Transcribe the listing exactly, leaving out every picture.

_The data_.
____

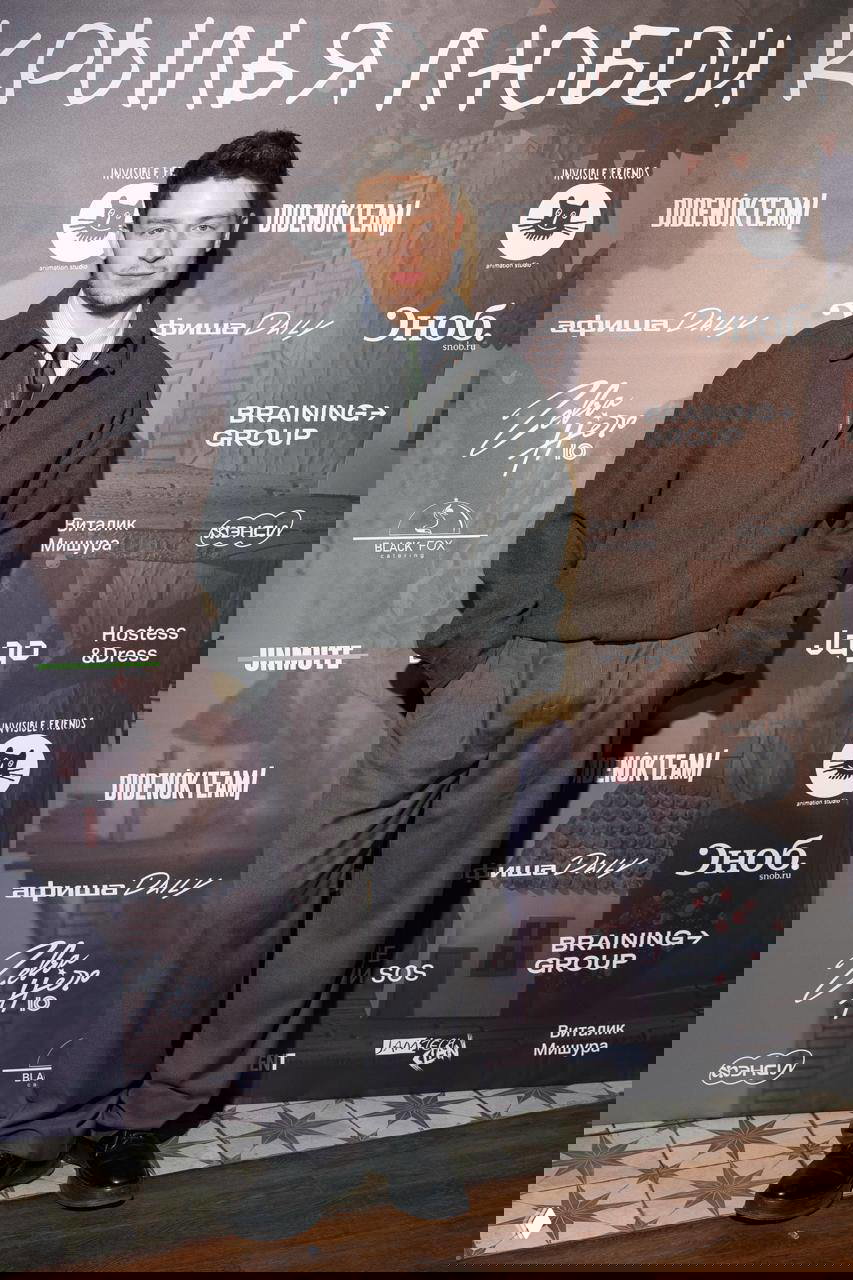 Посетитель в строгом образе стоит у фотозоны премьеры «Крылья любви», видно название фильма и бренды партнёров на заднем плане.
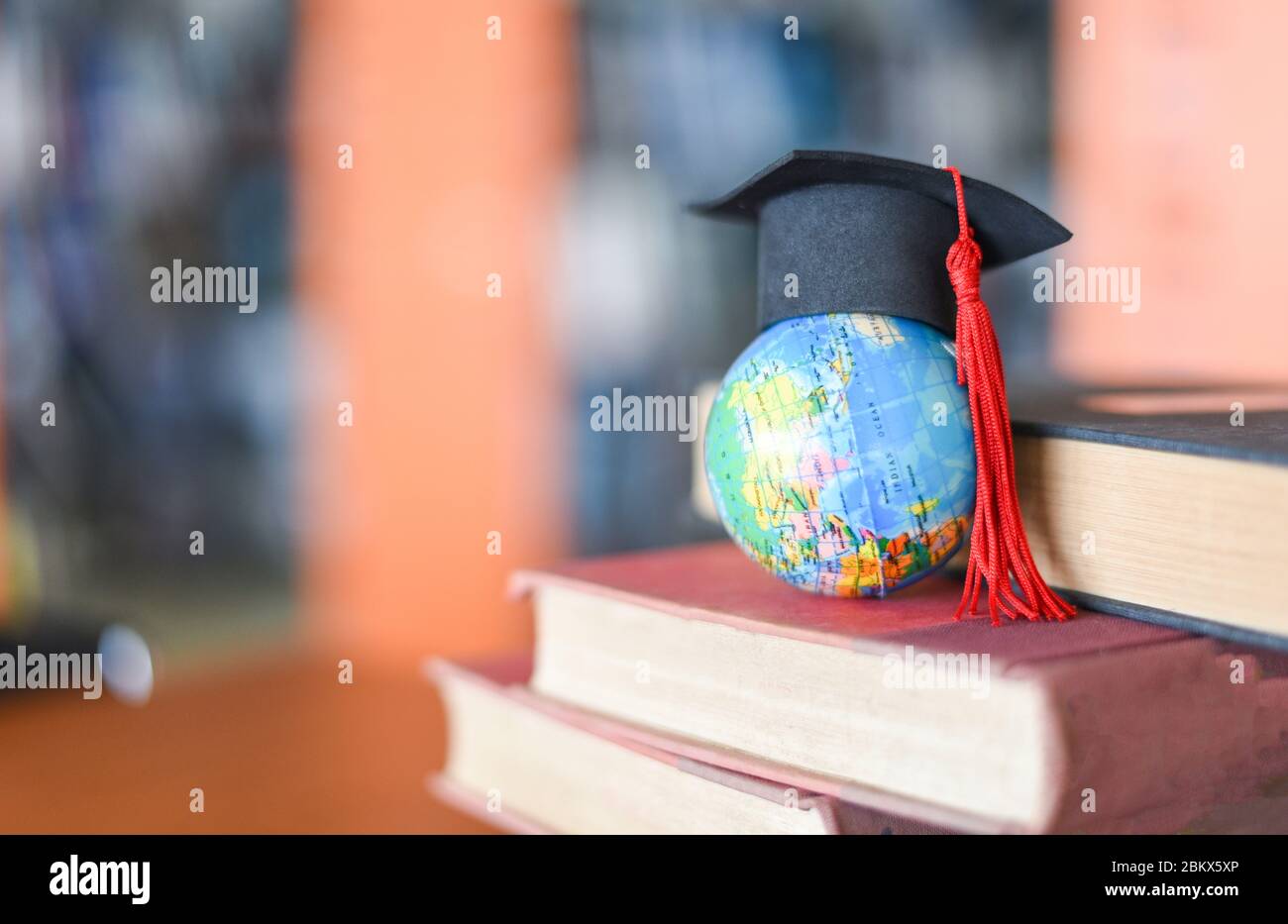 Books on the table in the library / Education learning old book stack and graduation cap on earth globe model on wood desk and blurred bookshelf room Stock Photo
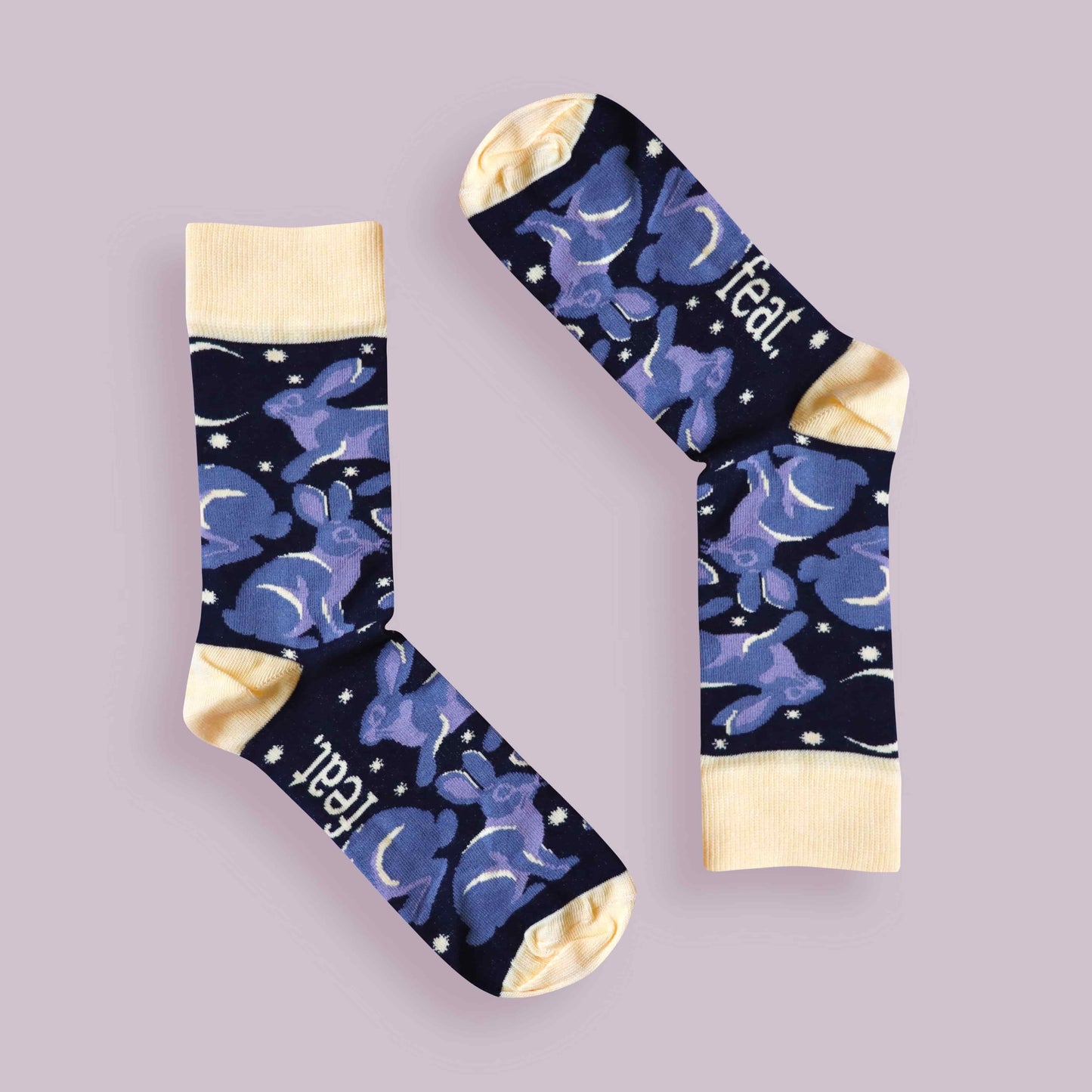 Riverine rabbit socks purple background inverted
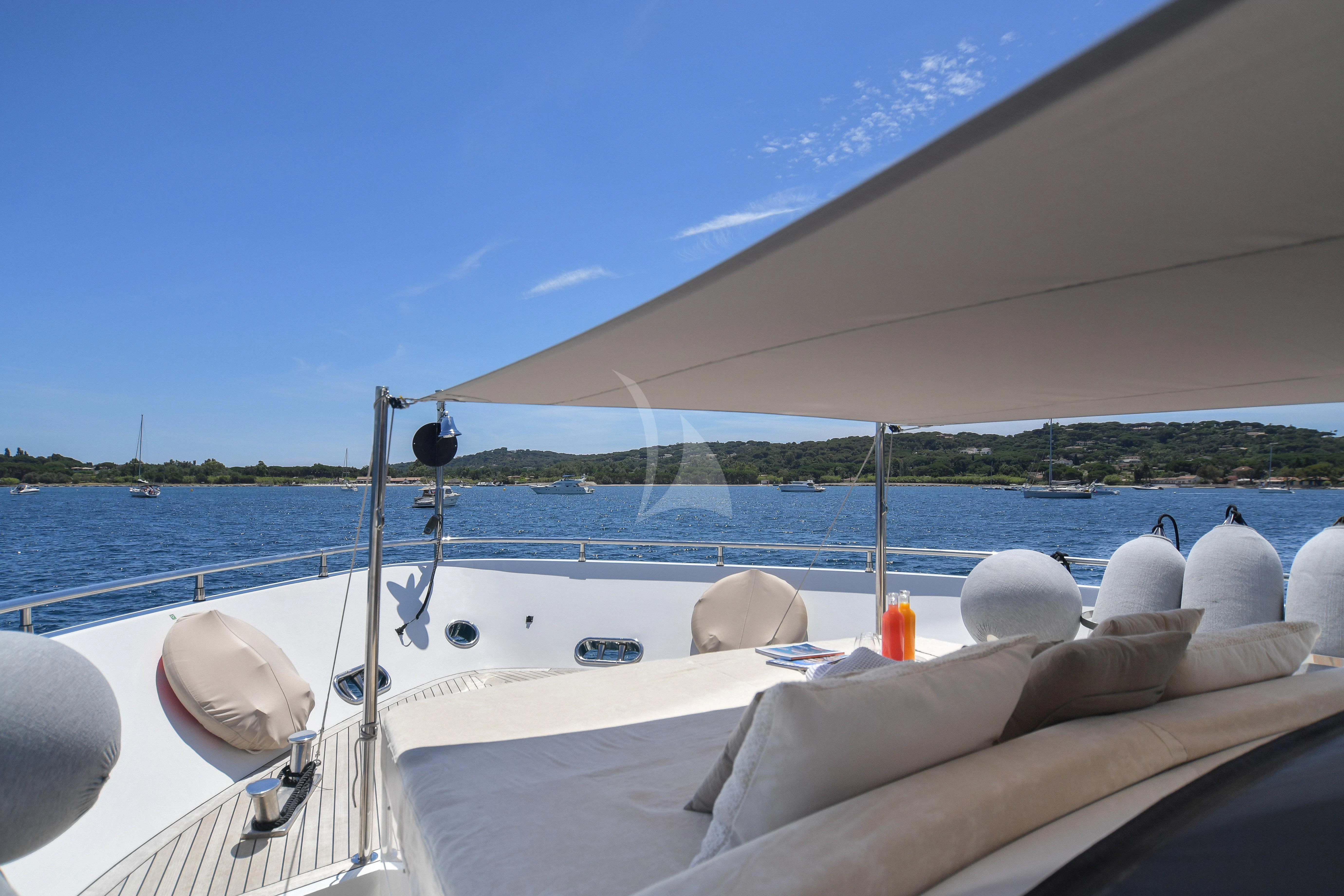 a boat with white pillows on it aboard FASTER Yacht for Sale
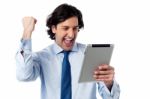 Excited Businessman Holding Touch Pad Stock Photo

____

_Written answer_.
 Посетитель в строгом образе стоит у фотозоны премьеры «Крылья любви», видно название фильма и бренды партнёров на заднем плане.
 Books on the table in the library / Education learning old book stack and graduation cap on earth globe model on wood desk and blurred bookshelf room Stock Photo
 Riverine rabbit socks purple background inverted
 a boat with white pillows on it aboard FASTER Yacht for Sale
 Excited Businessman Holding Touch Pad Stock Photo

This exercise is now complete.